Per quanto riguarda il primo filone il regista, attraverso la voce di Claudine, ci lascia un’interpretazione essenziale sul Trittico, perché si contrappone, in modo dialettico, a quella di Onirica. Il giardino, infatti, starebbe a rappresentare il riscatto dell’umanità, comunque condannata, dalla conoscenza del bene e del male, "perché, a differenza di Dante, a Bosch non interessa il purgatorio", la contrizione del pentimento come contraltare del peccato, anzi libera tali esistenze che hanno sofferto per mano della loro anima e li raffigura nell’opera centrale del trittico, nel Giardino delle delizie, “riempendolo con creature di ogni genere in una danza erotica di pace e di trasognato ozio, tanto ostile alla guerra quanto alla solitudine”. Ecco l’immediatezza di cui parlavo prima. Possiamo vedere alla luce delle opere successive, come qui l’esistenza, pur sapendo di essere condannata alla morte, non accetta una soluzione metafisica, ma vuole consumare nel qui ed ora la propria finitezza, trasfigurandosi, nell’attimo, in eternità, con tutta l’assenza di senso che ciò comporta. La maestria del regista sta, in questo caso, nel far vedere fino in fondo quanto sia esile questa immediatezza, quanto possa sconfinare nel fastidioso kitsch, come in fondo sia inutile e gratuito non accettare la morte, eppure, proprio questo messaggio il regista lo esamina fino in fondo, senza sosta, per scorgerne comunque la dignità profonda, che nelle sue proprie misure, trattene in sé, inconsapevolmente, anche se negandola, la trascendenza stessa.
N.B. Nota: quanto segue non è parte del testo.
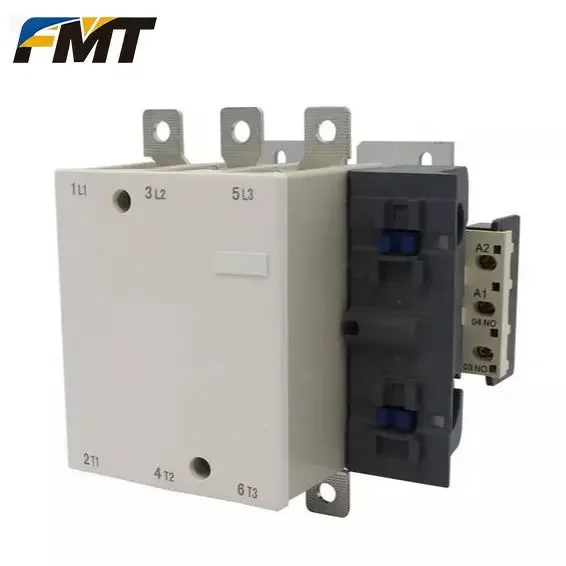 F Type Three Phase CJX2-F185 CJX2-F225 AC Contactor 220V 380V Silver Contact 185A Contactor
F Type Three Phase CJX2-F185 CJX2-F225 AC Contactor 220V 380V Silver Contact 185A Contactor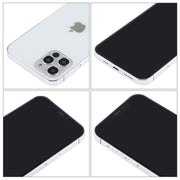For iPhone 12 Pro Max Black Screen Non-Working Fake Dummy Display Model, Light Version(White)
Tutto questo lo vediamo meglio nel secondo filone, quando i due amanti praticano il loro amore riproducendo elementi del Giardino e del Trittico in genere. Pensiamo ad esempio alla valigia, in cui Claudine e Chris si rinchiudono per raffigurare l’immagine della conchiglia da cui fuoriescono le gambe di due persone, o quando Chris cerca di mantenere in equilibrio sul suo capo l’uovo quale simbolo dell’armonia del tutto, oppure la sequenza della fontana, fino alla luna in nylon in cui si consuma il piacere, senza dimenticare il pentagramma che Claudine dipinge sulle natiche di Chris, e altri esempi come il rospo e i gusti del palato.
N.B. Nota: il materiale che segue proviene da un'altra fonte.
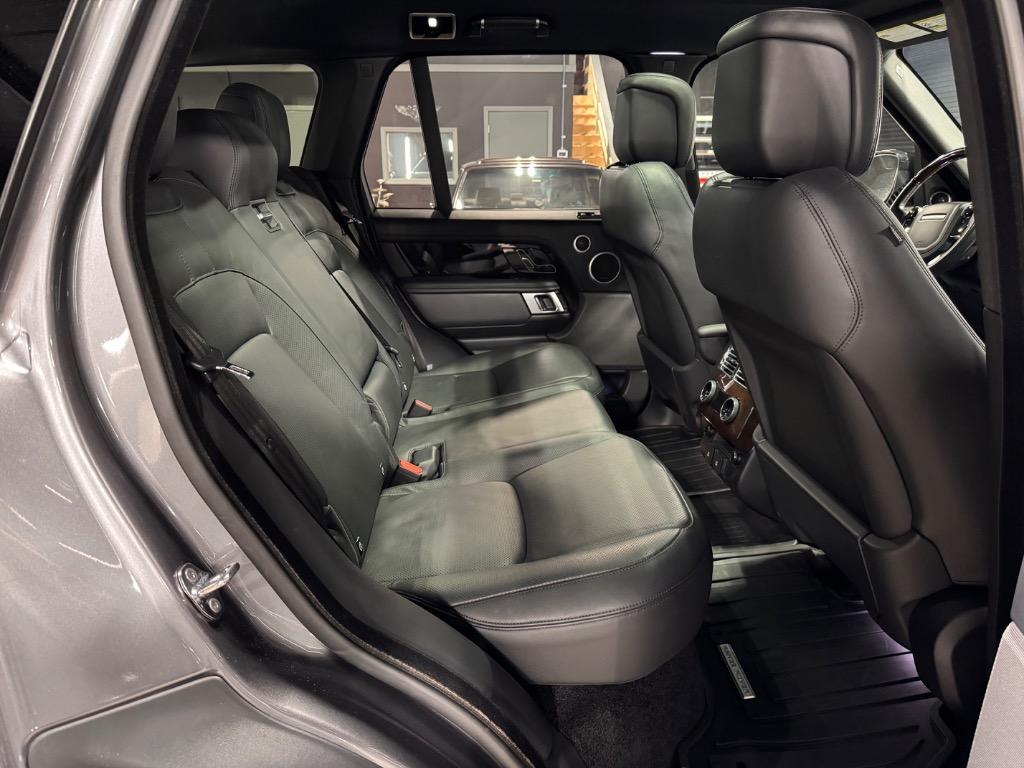 2018 Land Rover Range Rover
Che dire allora di questi due innamorati, che riproducono il Giardino delle delizie, con l’intenzione di affermare la vita al di là della sofferenza inaggirabile, rinnegando il peccato, il pentimento, la trascendenza, immortalando tutto in una telecamera, anche se sanno benissimo che prima o poi Claudine se ne andrà per sempre, segnata da quel male incurabile, che guarda caso è il cancro alla gola, se per gola intendiamo l’organo del desiderio, della golosità, della vita insaziabile...? Come ho ribadito, quest’opera va rivista alla luce delle due successive, perché soltanto così possiamo capire che il Giardino delle delizie è il manifesto esistenziale della coscienza offesa, che rinnegando le false teodicee, cerca nella finitezza del reale, quell’eternità che soltanto l’estetica, seppure nella sua idealità, può riprodurre. Ma allora l’estetica, l’arte, il quadro stesso diventano un tramite di conciliazione tra i mortali e il divino, e soltanto così si potrà entrare in quel quadro vivente che è I colori della passione, per contemplare con religioso disincanto il calvario di un’umanità macerata nel corpo di Cristo. Una volta diventati corpo di quel corpo, riusciremo dal quadro, e forse ricorderemo il Giardino delle delizie come un semplice inizio, umanissimo, verso un divino che si nasconde e soltanto nell’Onirico trapela, per restituirci alla possibilità di incontrare l’esistenza risorgere a se stessa nell’angoscia di Adam-Kierkegaard.